Pictures with short captions:
* * * *

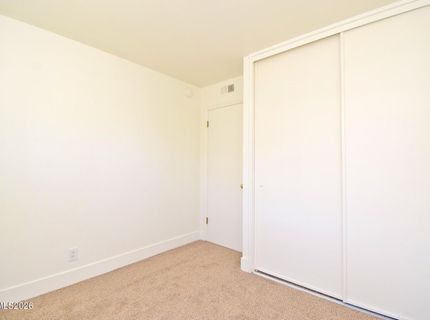 10 E J Street, Sparks, NV 89431 Photo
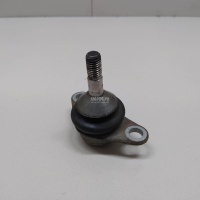 Опора шаровая нижняя передней подвески Volvo V70 (2000 - 2007) 274548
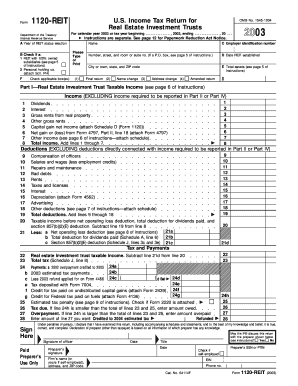real estate partnership agreement samples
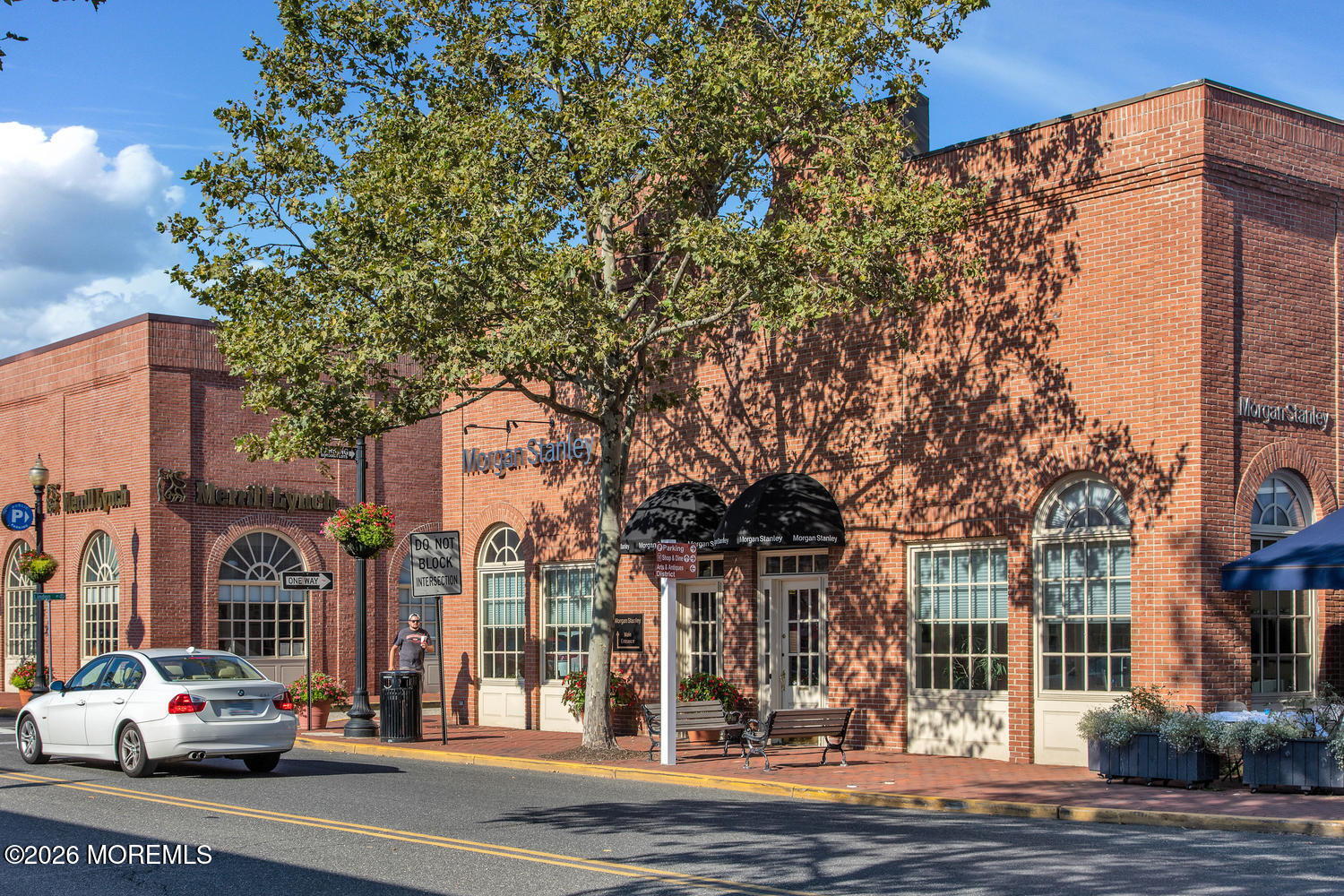 73 Hubbard Avenue Red Bank, NJ 07701 - Photo 38 of 38 73 HUBBARD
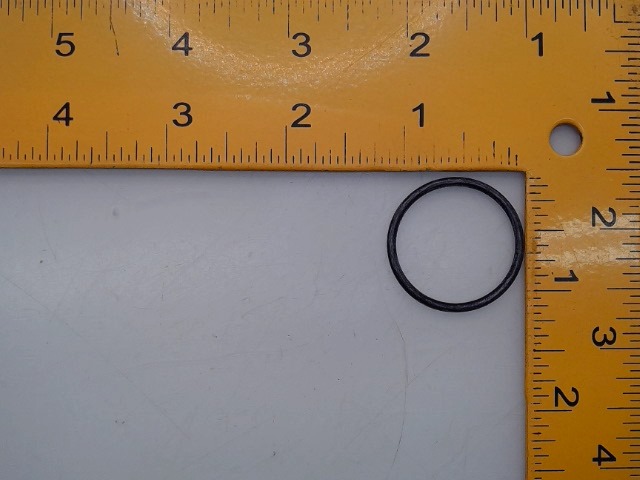 425-35171 O-ring for GEHL MANITOU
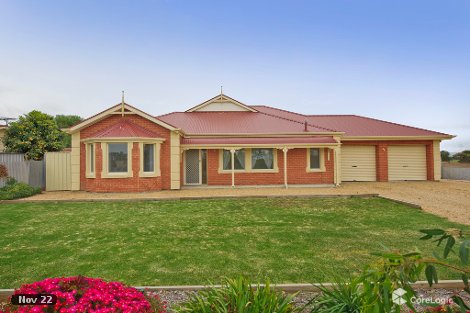 20 Williamstown Rd, Sandy Creek, SA 5350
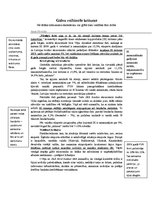 Konspekts 'Annas Novickas raksta "Galvu reibinošs kritums" analīze', 3.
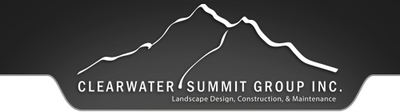 Construction Professional Clearwater Summit Group in Spokane WA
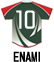 10.ENAMI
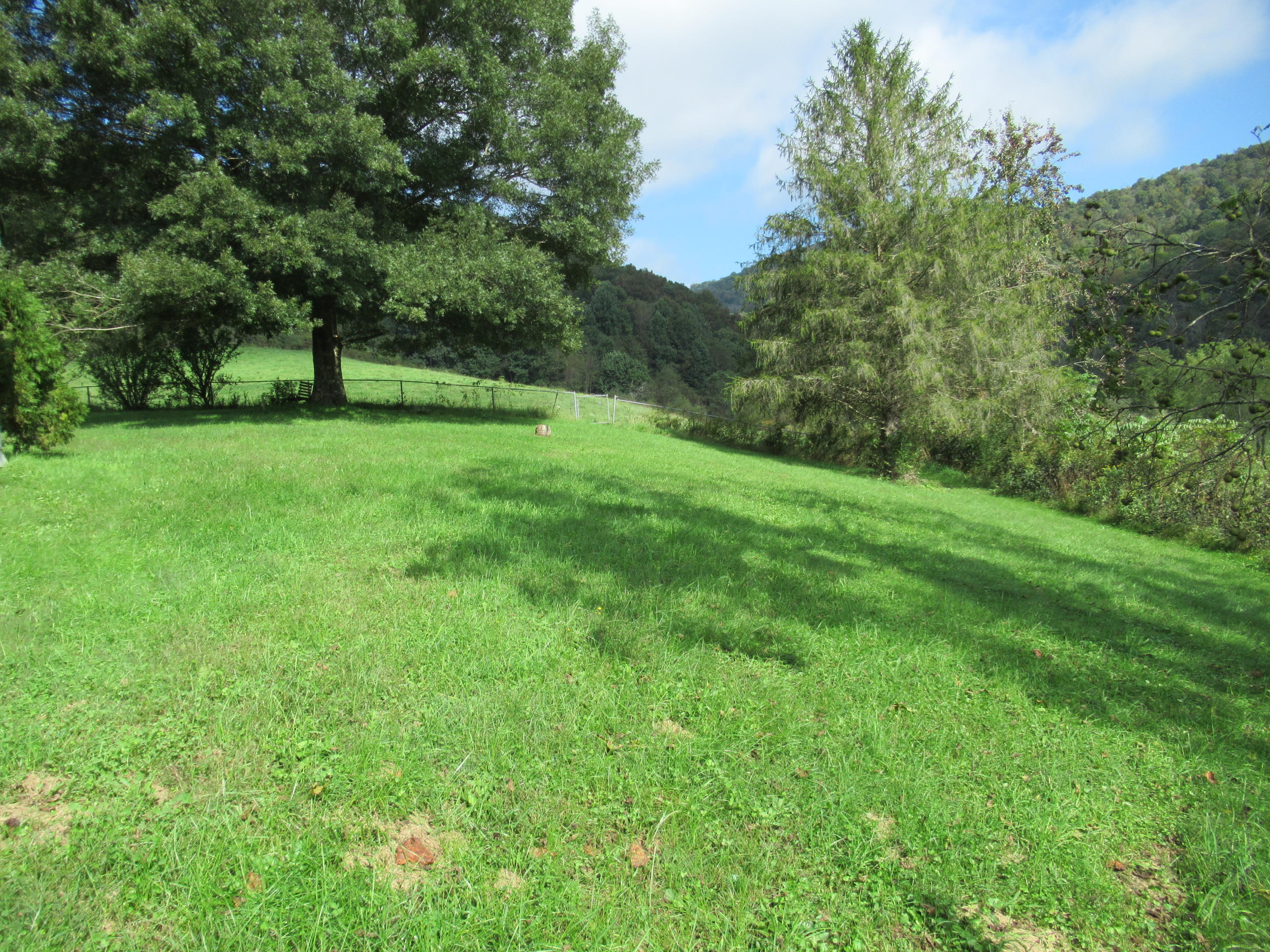 1905 Julia Road Renick, WV 24966 - Photo 38 of 38 Gallery Image 38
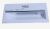1408809077 C00941537 Waschmittelkastenblende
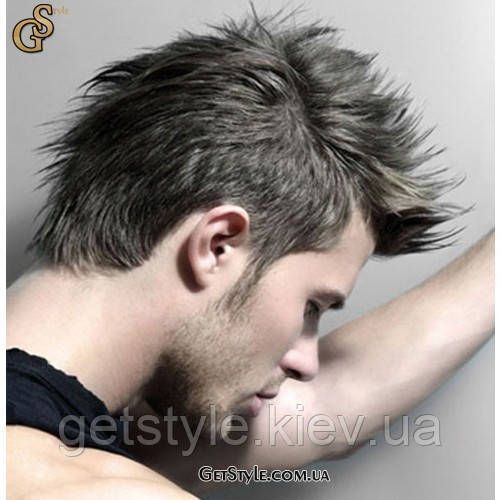 Профессиональный моделирующий крем American Crew D:fi Extreme Hold Styling Cream 9 фото
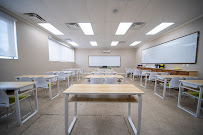 Aurora Music Academy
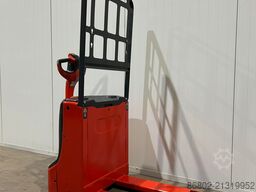 Linde T16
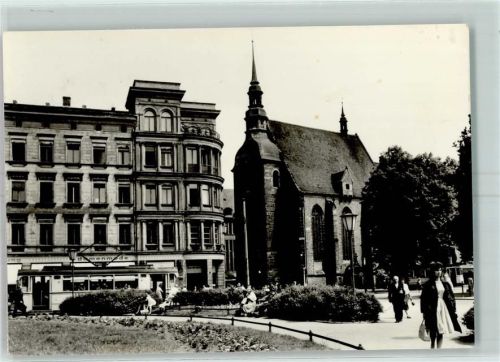 Görlitz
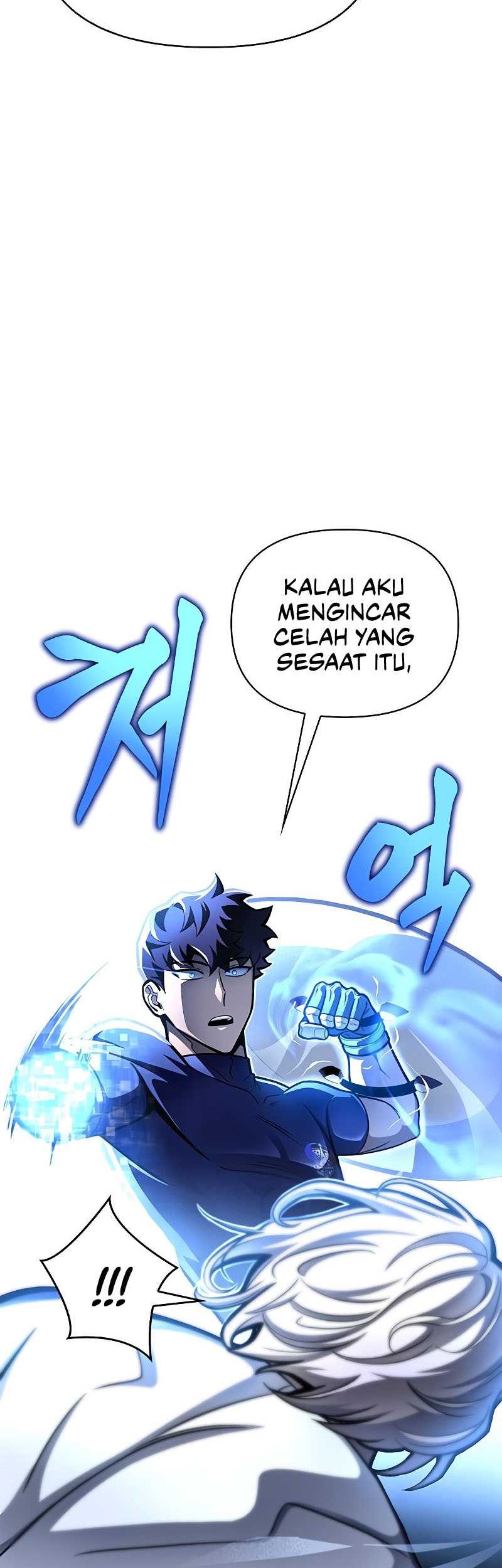 Halaman 59 dari 110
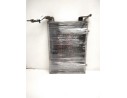CONDENSADOR / RADIADOR AIRE ACONDICIONADO 8V5119710AE 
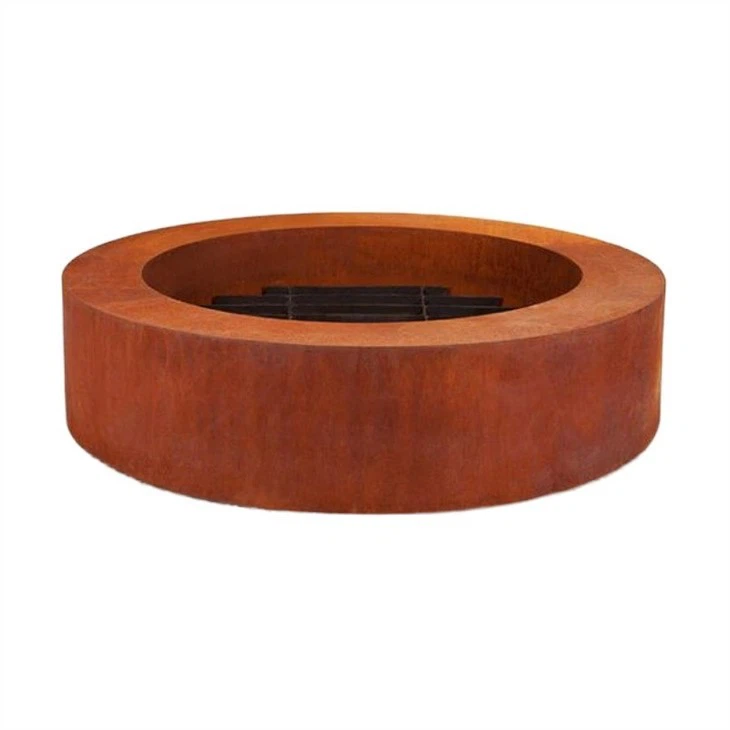 Firepits Near Me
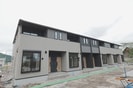 北陸新幹線（甲信越）/上田駅 徒歩72分 1階 1年未満の外観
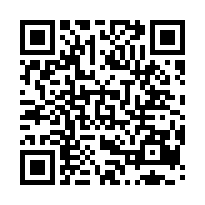 QR Code for bitcoin:bitcoin:bitcoin:3CVtxNm4X5Pjsa4Avp6o7eEbuQRQGsiEDh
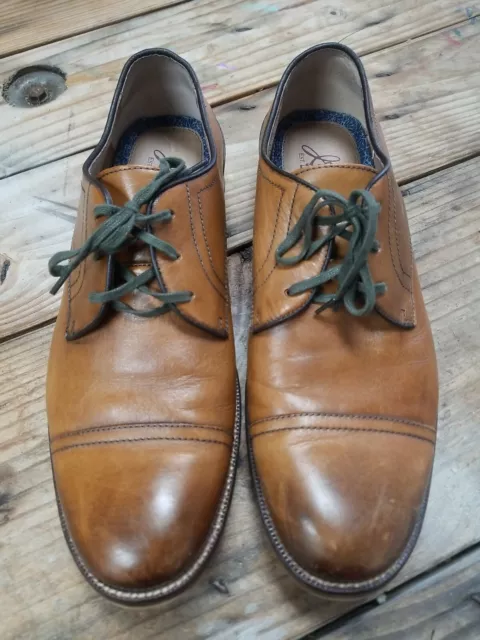Chambliss wingtip hotsell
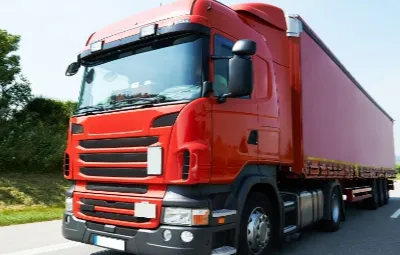 Antalya Beytüşşebap Ambar Kargo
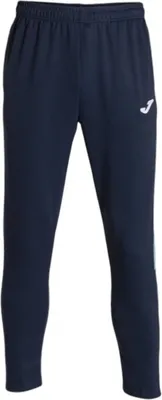 Produktbild von Hosen Joma Olimpiada 103741342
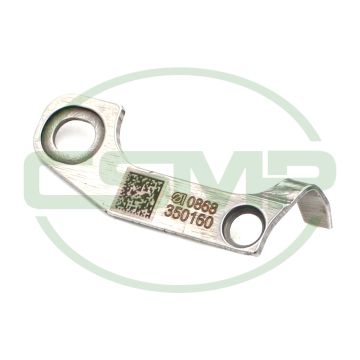 868350160 COUNTER KNIFE DURKOPP GENUINE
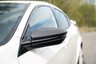 USED 2021 21 HONDA CIVIC 2.0 TYPE R SPORT LINE 5d 316 BHP Honda Service Plan - 2026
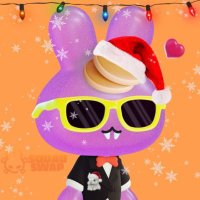 fantasy (@fantasy04520110) 's Twitter Profile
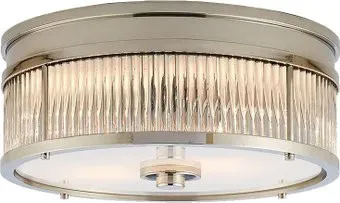 DeLight Collection Stamford BRCH9004-40 (nickel)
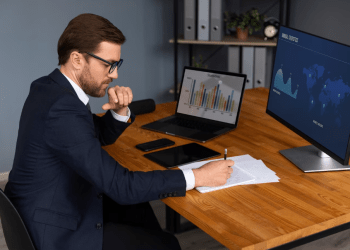 Understanding and Managing Charges in Demat Trading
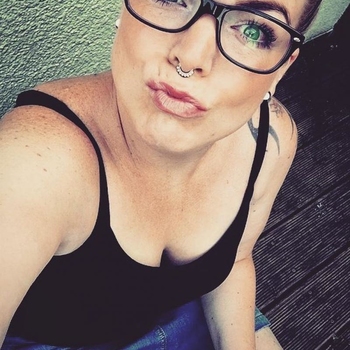 sexdate met Foxieblue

* * * *

REQUIRED WORK: In the reply, give again exactly the lines from the beginning of the entries above through the line with "425-35171 O-ring for GEHL MANITOU"; pictures stay out.

EXERCISE OUTPUT:
 10 E J Street, Sparks, NV 89431 Photo
 Опора шаровая нижняя передней подвески Volvo V70 (2000 - 2007) 274548
real estate partnership agreement samples
 73 Hubbard Avenue Red Bank, NJ 07701 - Photo 38 of 38 73 HUBBARD
 425-35171 O-ring for GEHL MANITOU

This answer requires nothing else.